Ce ne sont pourtant que des rêves ; je ne serai jamais Madagarsaï. Ce titre reviendra à Shimar, la fille de Mukya, dans tant de saisons qu’il ne sert à rien d’y songer. Mais y rêve-t-elle, Shimar ? Assise à côté de moi, ses petits genoux repliés sous elle, la fillette s'applique pour le moment à pleurer sa grand-mère. Son chant clair s’échappe de sa poitrine menue, gagne le ciel, se répand en un frisson sur les peaux dénudées. Ma propre voix, trop aiguë, me paraît en comparaison une insulte à l’harmonie. La musique de Shimar est la plus belle de la tribu ; c’est toujours à elle qu’on confie les mélodies les plus subtiles. La vive intelligence de sa grand-mère brille dans ses prunelles, là où on peut également lire, si on en prend le temps, les rumeurs de l’avenir. Car Shimar, la dernière-née de la tribu, la Wanarsaï, est douée de voyance. Les esprits lui parlent plus distinctement qu’aux autres et murmurent sans cesse l’avenir à ses oreilles.
Shimar a poussé son premier cri sept lunes après moi, au cœur d’une saison de la brûlure particulièrement violente. Arken venait à peine de s’extraire du sein de Mukya qu’elle s’est présentée derrière lui, inattendue et inespérée. Les jumeaux sont rares et précieux comme les miracles ; un seul esprit dans deux corps, l’un masculin, l’autre féminin. Ce sont des êtres à jamais liés, comme deux rêves parfois le sont, et ils constituent le plus beau des présages.

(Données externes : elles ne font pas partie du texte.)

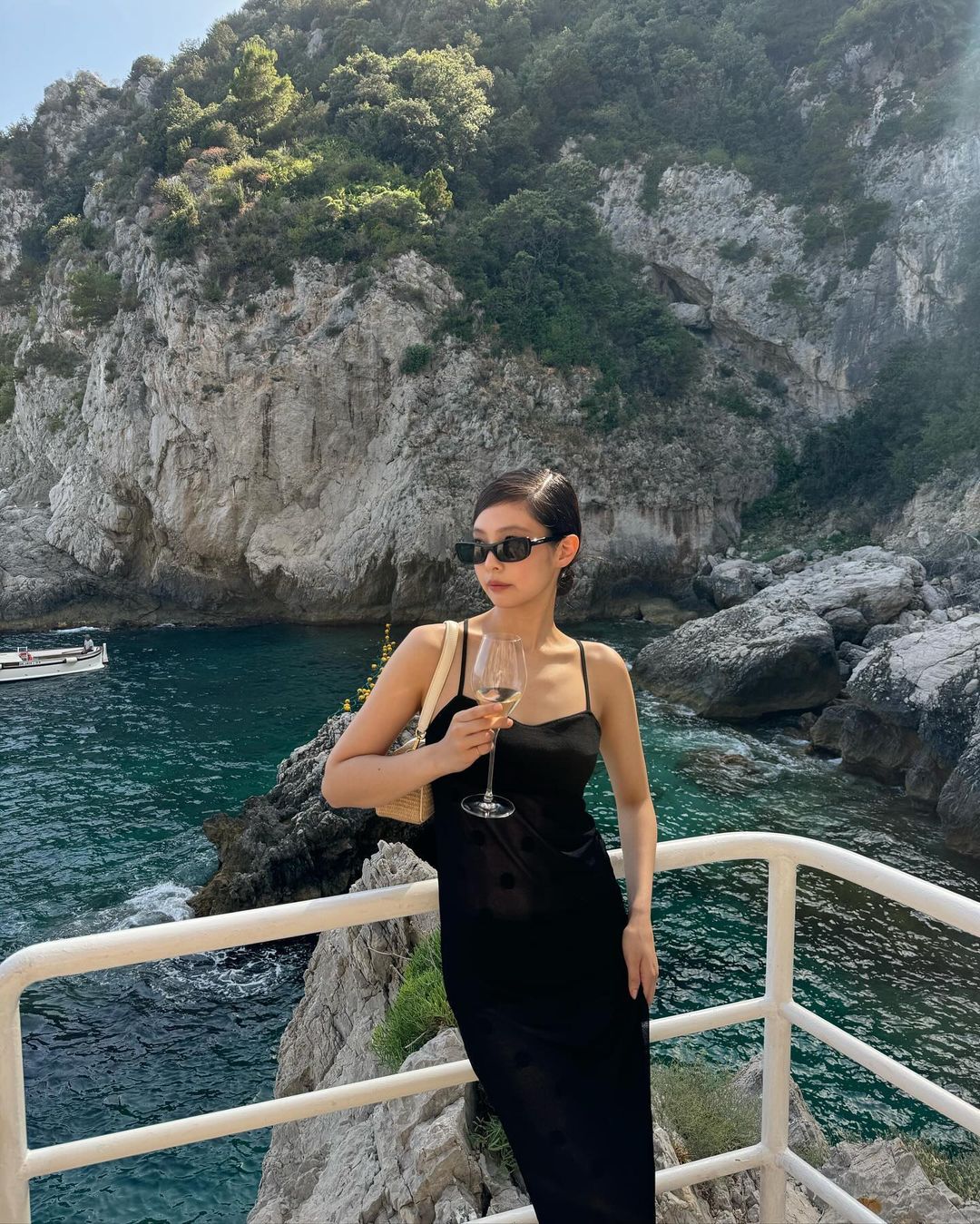 夏天的陽光強烈,紫外線(UV)對頭髮和頭皮的傷害不容忽視。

Avec Shimar, le clan connaissait sa quatrième naissance en l’espace d’un an, chose qui ne s’était plus produite depuis des générations et des générations. Mortej d’abord, fils de la chasseuse Ijak, puis moi, issue de la chasseuse Aberkah, précédant de peu les jumeaux. Un grand enthousiasme a alors pris le clan : après tant et tant de lunes sans rejetons, les Abikazas semblaient avoir regagné la faveur des esprits. Et un avenir.
Mais les jumeaux ont été les derniers. Après leur arrivée, plus aucun ventre ne s’est arrondi. Shimar est restée la Wanarsaï et les échines des Abikazas de nouveau se sont courbées.